Orders are handled directly by the originator giving them more control over the final execution and the ability to exploit liquidity and price opportunities more quickly.
Information leakage is minimised because the trading is done anonymously using the DMA provider's identity as a cover. DMA systems are also generally shielded from other trading desks within the provider's organisation by a Chinese wall.
Direct market access allows a user to 'Trade the Spread' of a stock. This is facilitated by the permission of entering your order onto the 'Level 2' order book, effectively negating the need to pass through a broker or dealer.
Advanced trading platforms and market gateways are essential to the practice of high-frequency trading. Order flow can be routed directly to the line handler where it undergoes a strict set of Risk Filters before hitting the execution venue. Typically, ULLDMA systems built specifically for HFT can currently handle high amounts of volume and incur no delay greater than 500 microseconds. One area in which low-latency systems can contribute to best execution is with functionality such as direct strategy access and Smart Order Router.
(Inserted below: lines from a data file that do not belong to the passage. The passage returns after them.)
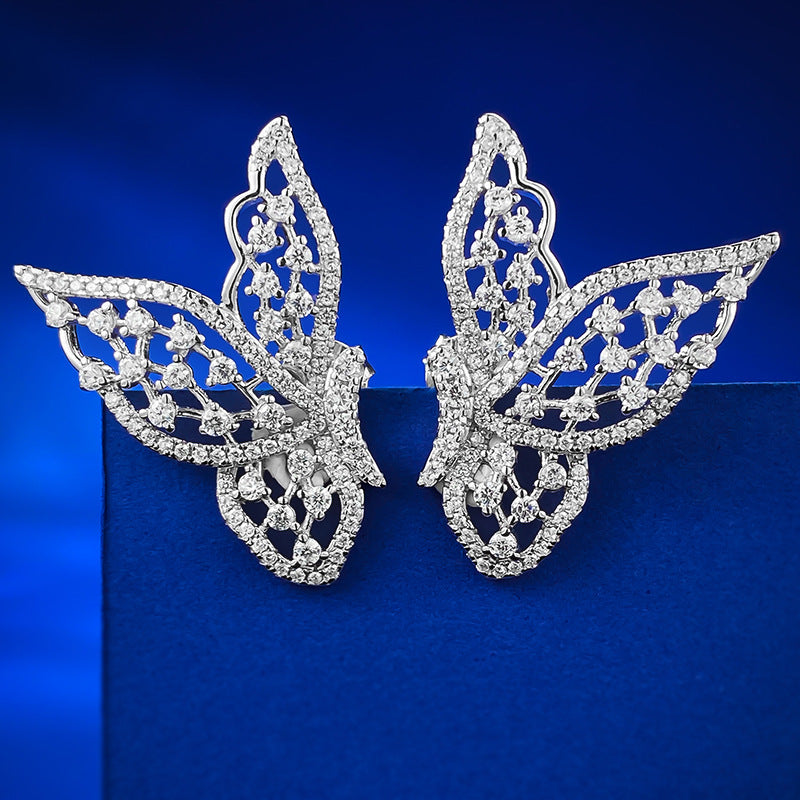 Urqanyu S925 silver hollow butterfly simple cubic zirconia earrings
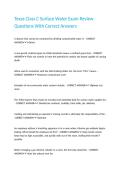 Texas Class C Surface Water Exam Review Questions With Correct Answers&period;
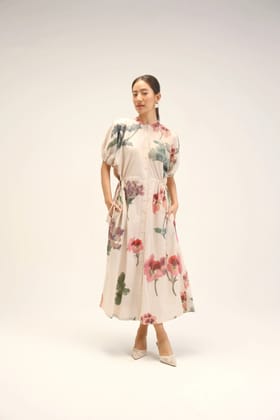 Juliet White Side Tie-Up Dress-XXS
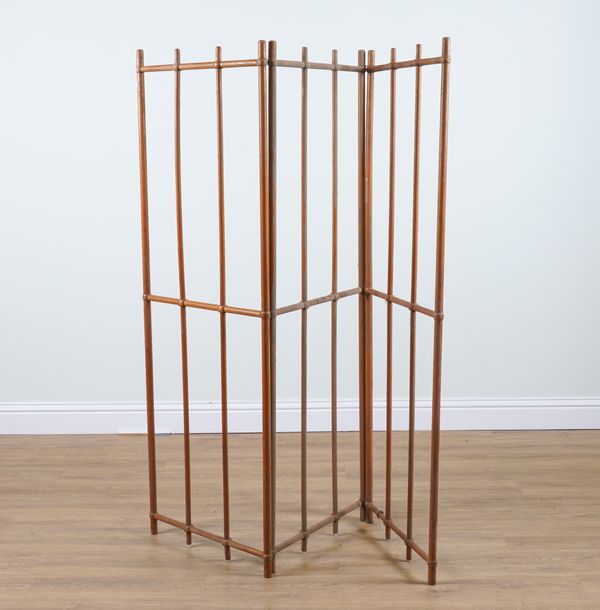 20TH CENTURY DESIGN PROBABLY DANISH; A  TURNED PITCH PINE THREE FOLD ROOM DIVIDING SCREEN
Foreign exchange direct market access refers to electronic facilities that match foreign exchange orders from individual investors and buy-side firms with bank market maker prices. FX DMA infrastructures, provided by independent FX agency desks, consist of a front-end, API or FIX trading interfaces that disseminate price and available quantity data from multiple bank contributors and enables buy-side traders, both institutions in the interbank market and individuals trading retail forex in a low latency environment. Other defining criteria of FX DMA:
Trades are matched solely on a price/time protocol. There are no re-quotes.
Platforms display the full range of one-tenth pip or percentage in point consistent with professional FX market quotation protocols not half-pip pricing.
Anonymous platforms ensure neutral prices reflecting global FX market conditions, not a dealer’s knowledge or familiarity with a client’s trading methods, strategies, tactics or current position.
Enhanced control of trade execution by providing live, executable price and quantity data enabling a trader to see exactly at what price they can trade for the full amount of a transaction.
Orders are facilitated by agency brokers. The broker is not a market maker or liquidity destination on the DMA platform it provides to clients.
Market structures show variable spreads related to interbank market conditions, including volatility, pending or recently released news, as well as market maker trading flows. By definition, FX DMA market structures cannot show fixed spreads, which are indicative of dealer platforms.
Fees are either a fixed markup into the client’s dealing price and/or a commission.